Topics studied include anatomy, physiology, toxicology, pathology as well as osteopathic history, philosophy, osteopathic techniques, exercise prescription and clinical diagnosis and management.
In addition to university training, osteopaths must have current CPR and first aid training, have personal professional indemnity insurance and be registered with the Australian Health Practitioner Regulation Agency (AHPRA).
Victoria, New South Wales, and Queensland are the only states that offer osteopathic programs.

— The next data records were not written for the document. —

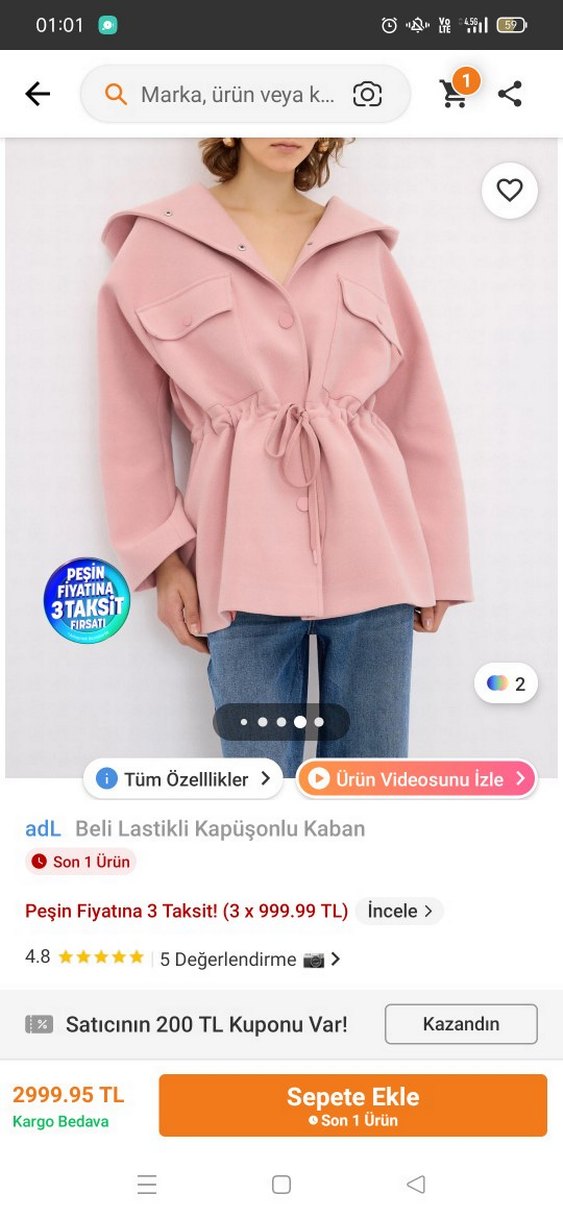 adil ışık Beli Lastikli Midi Kaban - Görsel 5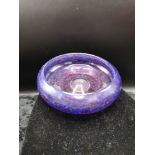 Scottish glass Monart bowl set in purple and pink colourations.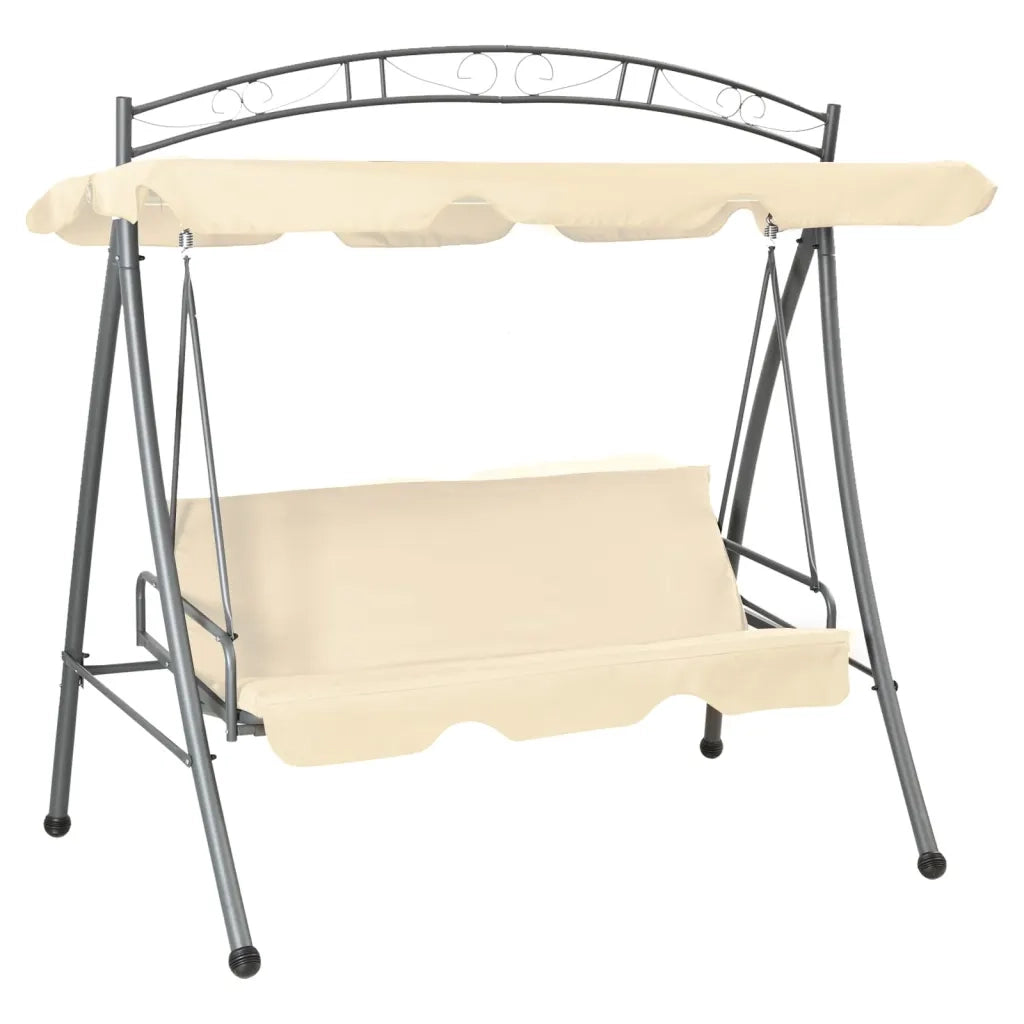 Panchina a Dondolo Convertibile con Baldacchino Bianco Sabbia cod mxl 43333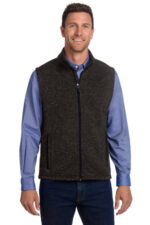 Port Authority Sweater Fleece Vest F236 Black Heather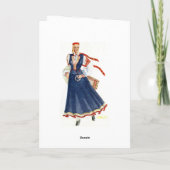 Lettische traditionelle Kostümgrußkarte Karte (Rückseite)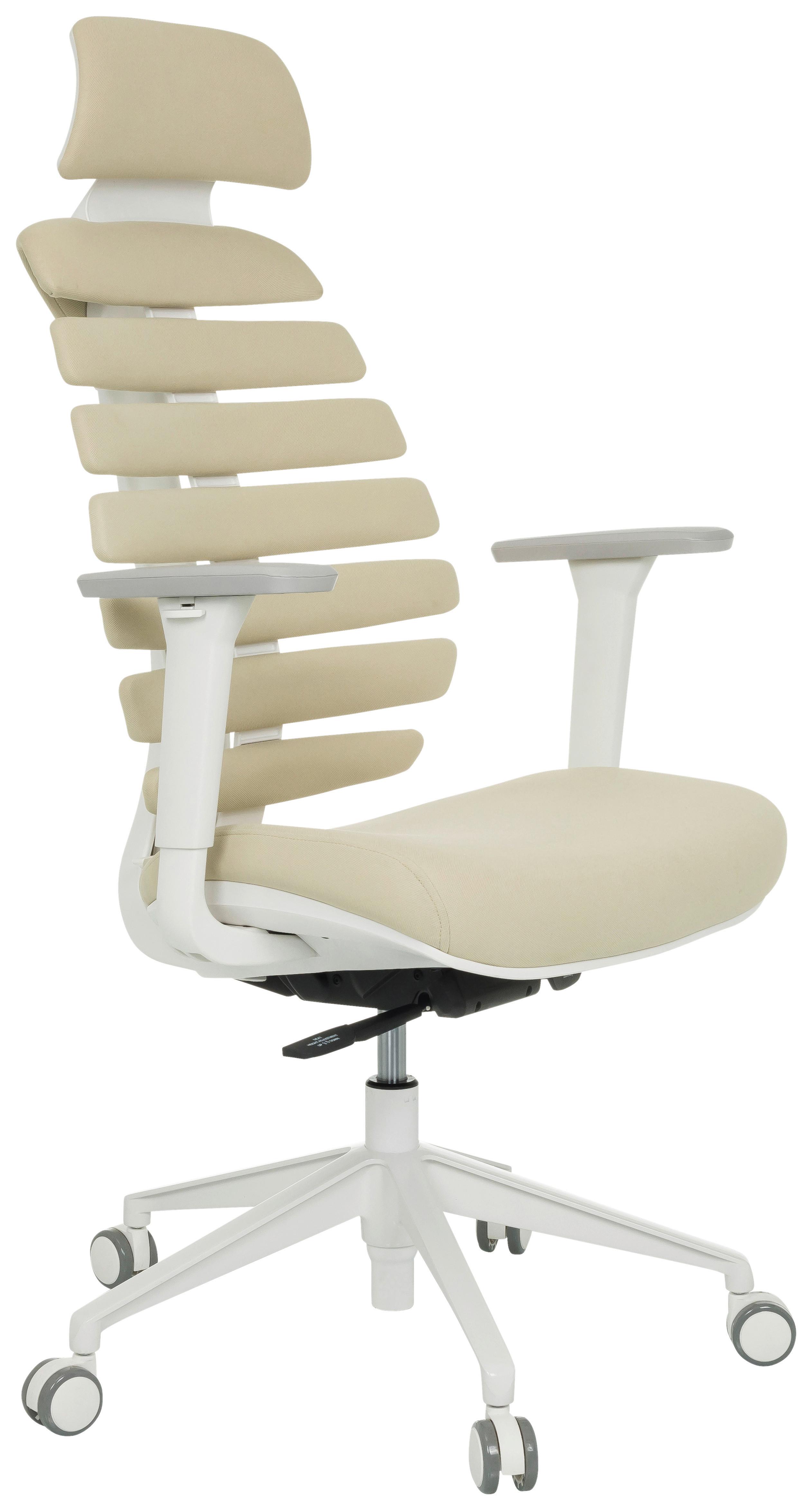 Drehstuhl Ergo Line W Beige B: 67 Cm - Beige/Weiß, MODERN, Kunststoff/Textil (67/116 - 133/65cm) - MID.YOU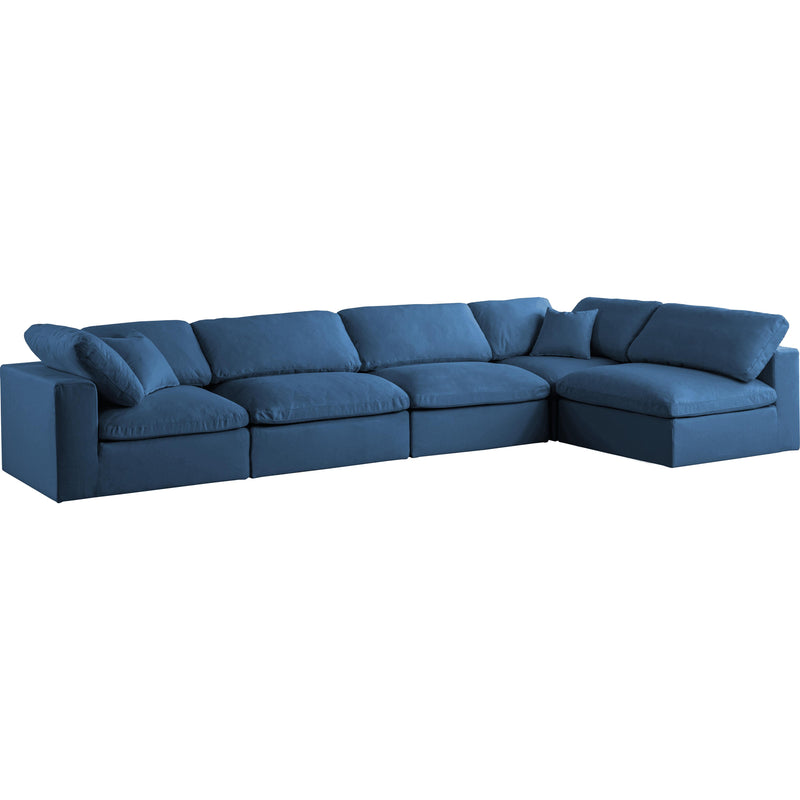 Meridian Plush Fabric Sectional 602Navy-Sec5D IMAGE 1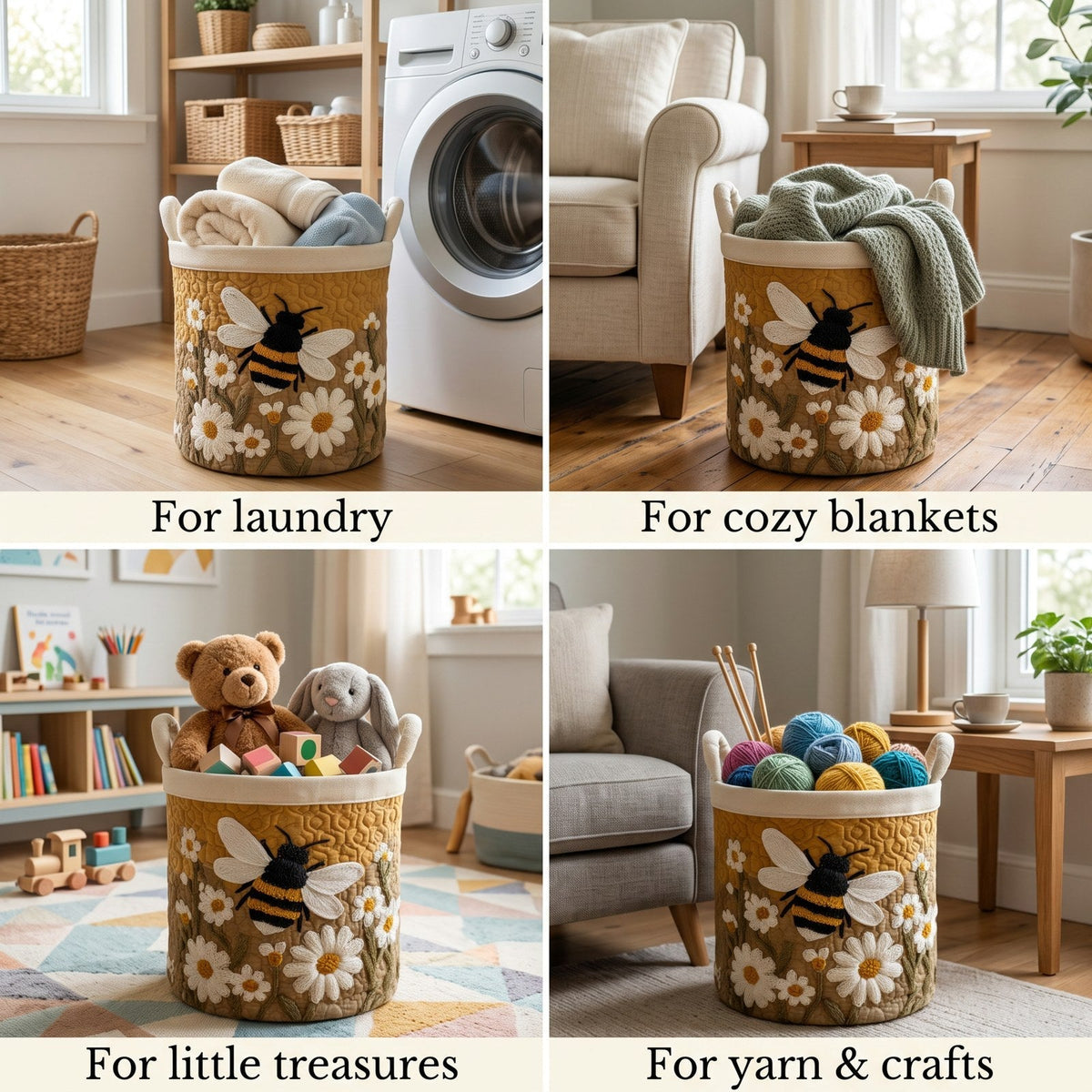 Four-panel collage showing the basket holding towels, a knitted blanket, soft toys with building blocks, and balls of yarn. 2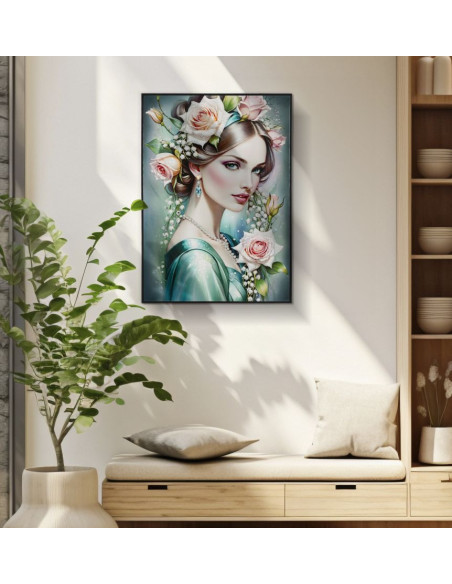Grande toile murale peinte Femme fleurs robe turquoise 72x102 avec cadre noir Fantasy 
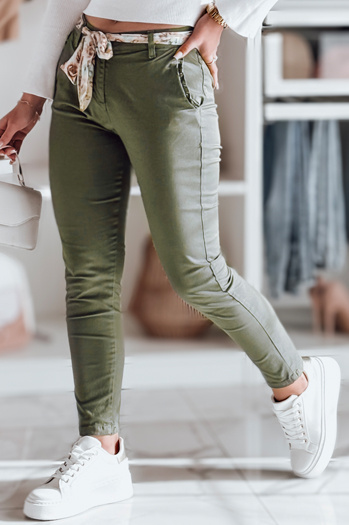 Damen Stoff Chinos mit Gürtel ROSSALI oliv Dstreet UY2596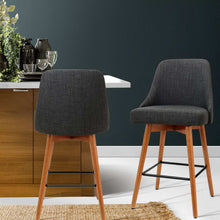 Load image into Gallery viewer, 2x Chair Stools - Wood - Fabric - Swivel - 2 Colours - Charcoal, Light Grey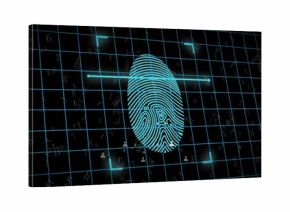 Scanning cyan fingerprint graphic pulsing on biometric UI, with glowing grid, scan bar, brackets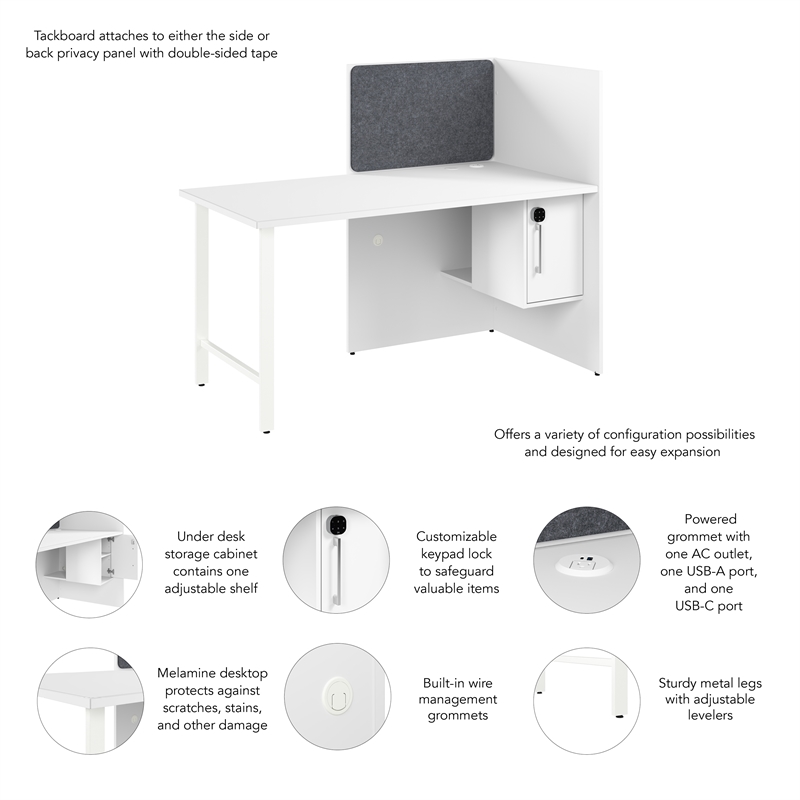 Hustle 60-inch Office Cubicle Desk with Storage in White - Engineered Wood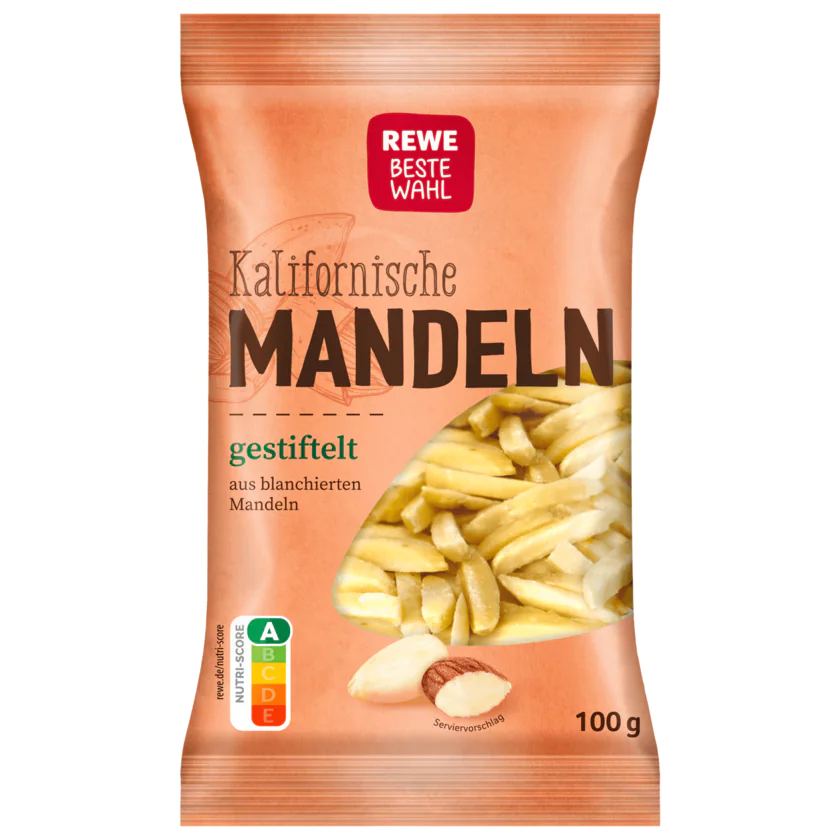 REWE Beste Wahl Mandeln gestiftelt 100g - 4388860551761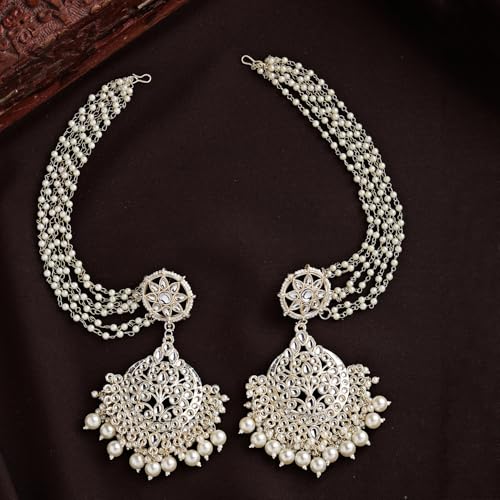 Image of Shining Diva Fashion Stylish Pearl Chain Traditional Jhumki Set Earrings for Women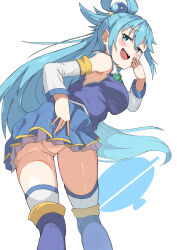 Rule 34 | absurdres, aqua (konosuba), ass, blue boots, blue hair, blue shirt, blue skirt, boots, breasts, commentary request, detached sleeves, from behind, hair ornament, hair rings, highres, kono subarashii sekai ni shukufuku wo!, large breasts, long hair, looking back, no panties, onabe915, open mouth, shirt, single hair ring, skirt, smug, teeth, thighs, very long hair, white background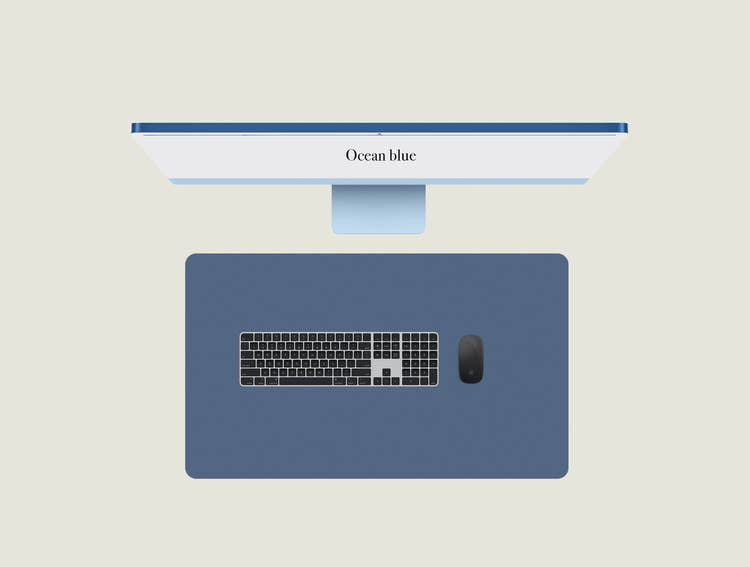 Ocean Blue keyboard mat with a keyboard and mouse placed on top
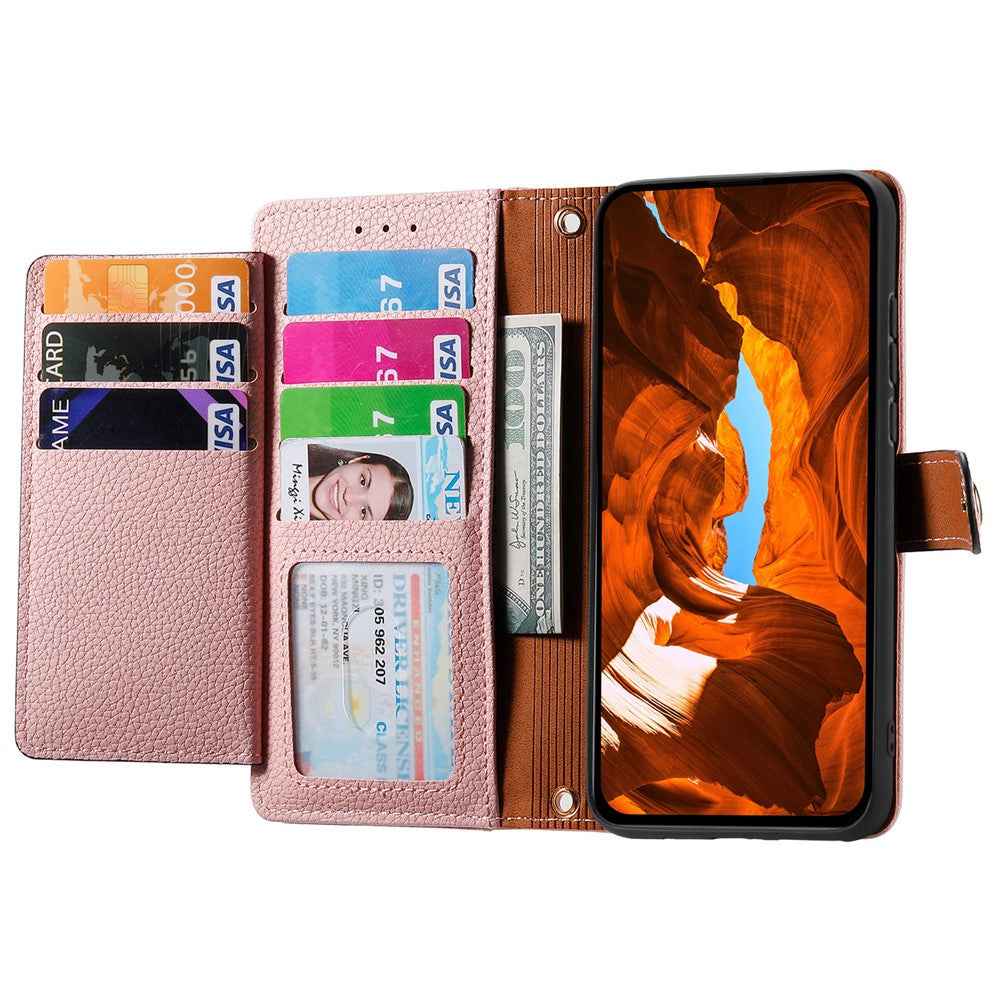 For Samsung Galaxy A57 5G Case RFID Blocking Zipper Pocket Leather Wallet Phone Cover with Strap - Pink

Top 10 reasons for visiting an osteopath
As a patient, the techniques used by these practitioners can feel similar. However, there will be differences in the philosophy in how they apply these techniques to treat patients specifically on that day.
“As a patient, it may be beneficial to expose yourself to each type of practitioner,” advises Ellis. “Only you will know which one suits you and your body best.”